If you have a few children – sometimes two is enough, and definitely by the time you have three – you probably have a difficult child in the mix.
Four children are playing in a room happily and then there is crying. You don’t even need to go into the room to know who is crying.
I have one such child. One day last week we were racing to get to school on time. My daughter was trying to put on her coat; my son was trying to fit a few things into his backpack. I was trying to carry someone’s special project. And then I noticed that this child was still not dressed.
“I’m not going to school today,” he said, in a matter-of-fact tone of voice.
“You are part of a family,” I said slowly, with audible exasperation. “You are not the center of the universe, and we all need you to get dressed.”
As soon as I said the words, I felt guilty. But for what?
I ask myself, even now. Is it that I’m breaking the news to him that he’s not the center of the universe? That the world won’t stop and accommodate every one of his wishes? That I won’t stop and accommodate every one of his wishes?

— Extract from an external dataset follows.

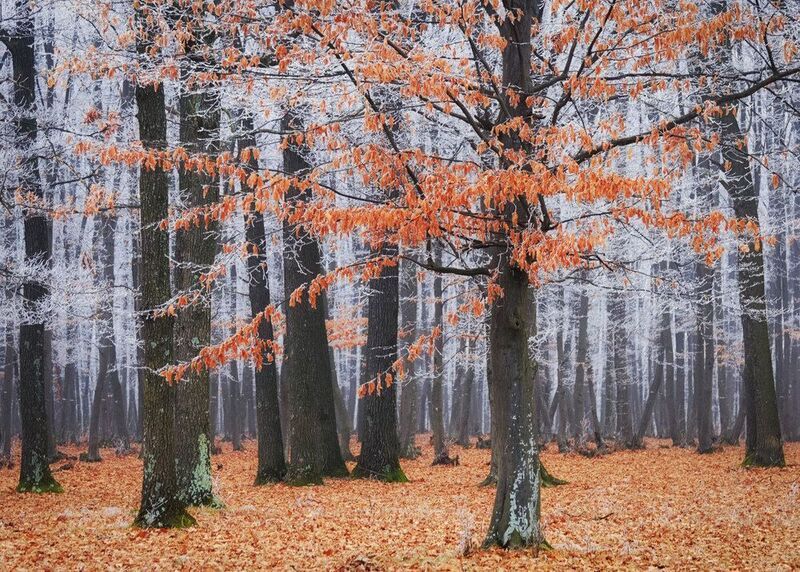 2013 фото превью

“Your generation of parents is basically obsessed with their children,” a friend in her 60s said to me. “They are obsessed with giving their children perfect childhoods. Parents today don’t want to rock their children’s boats. We never spoke about our kids and worried about our kids the way you all do.”
Although I know it is true, part of me still finds it hard to believe. So many parents I know devote hours of mental energy to understanding the inner workings of their children, not to mention the hours of schlepping to and from baseball, tennis, cello, chess, swimming, and gymnastics, not to mention the tutor.
“My son has a tutor every day after school,” one father of a child who attends a private school in Riverdale told me without any discomfort. “He needs the help to keep up academically, and socially he’s very happy. I want to give him the help he needs to stay at the school. “
“Tutors and more tutors,” another woman in her 60s told me. “My kids just played in the park. Stickball and hide and seek and so forth. Of course they had activities, but not like you kids have lined up for your children. My daughter has a separate calendar that she keeps for her children.”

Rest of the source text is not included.